Most of the women I spoke to in the prison are there for some “offense” related to their identity as women. This is the most hurtful part as it’s almost as if the legal apparatus has a life of its own. An example of this is the way these women describe their experiences and how they got to that point in prison — most of them were subjected to some form of sexual policing. Either it was sex work or for one of them, she was in there for “adultery”! At that point, I hadn’t even heard of that before. In many cases, family members are the ones that inform the police. Here we see how the family is in a sense also conspiring with the state. You find this carceral logic everywhere where a minority group is involved: from women anywhere in the world, to white people calling the police on Black people. The idea here is to exclude, to eliminate, to put away. That’s how I see the universality of this experience. 
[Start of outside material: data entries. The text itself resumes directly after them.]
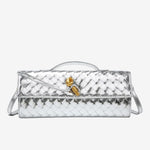 Geweven Leren Crossbody Tas – Luxe & Trendy Damesaccessoire – Compact, Stijlvol en Perfect voor Elke Gelegenheid.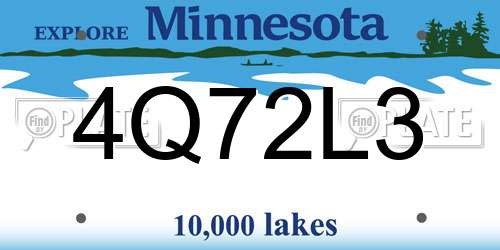 4Q72L3 Minnesota License Plate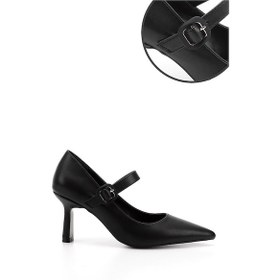 Resim Gönderi R Siyah Sivri Burun Kadeh Ökçe Mary Jane Ayakkabı Siyah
Q: The Morris Goodman Award provides funds for graduate students to study and research African languages. What do you plan to study with the support of this fund? 
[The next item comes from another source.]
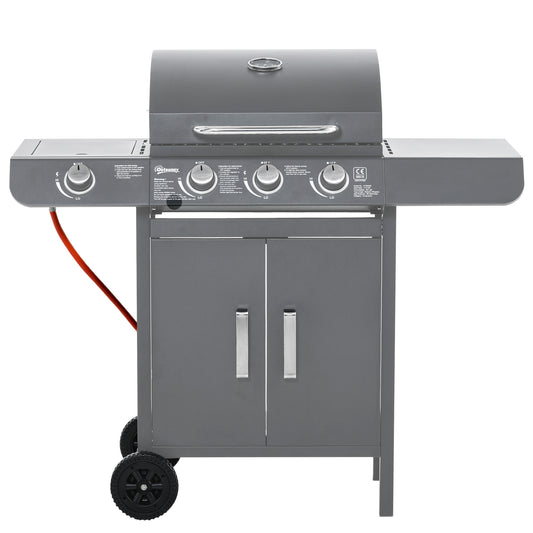 Outsunny 3+1 Burner Gas BBQ Grill, Outdoor Trolley with Wheels, Warming Rack, Side Shelves, Thermometer, Cabinet, 110Lx50Wx100Hcm, Grey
IC: I'm interested in the Maghreb which spans most of North Africa, from Libya in the East to Mauritania in the West. A large number of the population in this region speaks an indigenous language. They’re considered to be various dialects of Tamazight, or Berber, a language long spoken by the indigenous inhabitants of North Africa. Speakers of different dialects can still often communicate with one another. I received the Morris Goodman Award to study Kabyle, which is a dialect of Berber, spoken mainly in Algeria. My plan is that reaching fluency in this one dialect would greatly facilitate acquiring some of the others such as Morocco’s Riffian, or Tuareg. I think a large weakness in North African studies is the language divisions that we see: written works either deal with Arabic-speaking groups or when Berber is involved, it’s usually in relation to Berber speakers’ ongoing struggle for supportive state policies to ensure the survival of the language. For my own work, I recognize the uniqueness of Berber speakers’ experiences to a degree, as I also think it is important to look beyond these language divisions to see share experiences, and if there is some variation in experience, language is one of the factors and shouldn’t be the sole factor for that variation. I also believe that it is the scholar’s job to speak their interviewee’s language and not the other way around. I am the one being hosted in a community different from mine and given time and attention. I don’t take that for granted, and I think using all the resources I have to lessen the burden I might pose on my interlocutors and it is the least I can do. I believe I am in an extractive business. I struggle with that idea, but the least I can do is recognize it and do what I can to respect the human without whom I wouldn’t have a career. I hope programs invest more funds for supporting students the way the Program of African Studies has helped me so far. Learning languages is expensive and time-consuming, and it should be part of the things we fund regularly.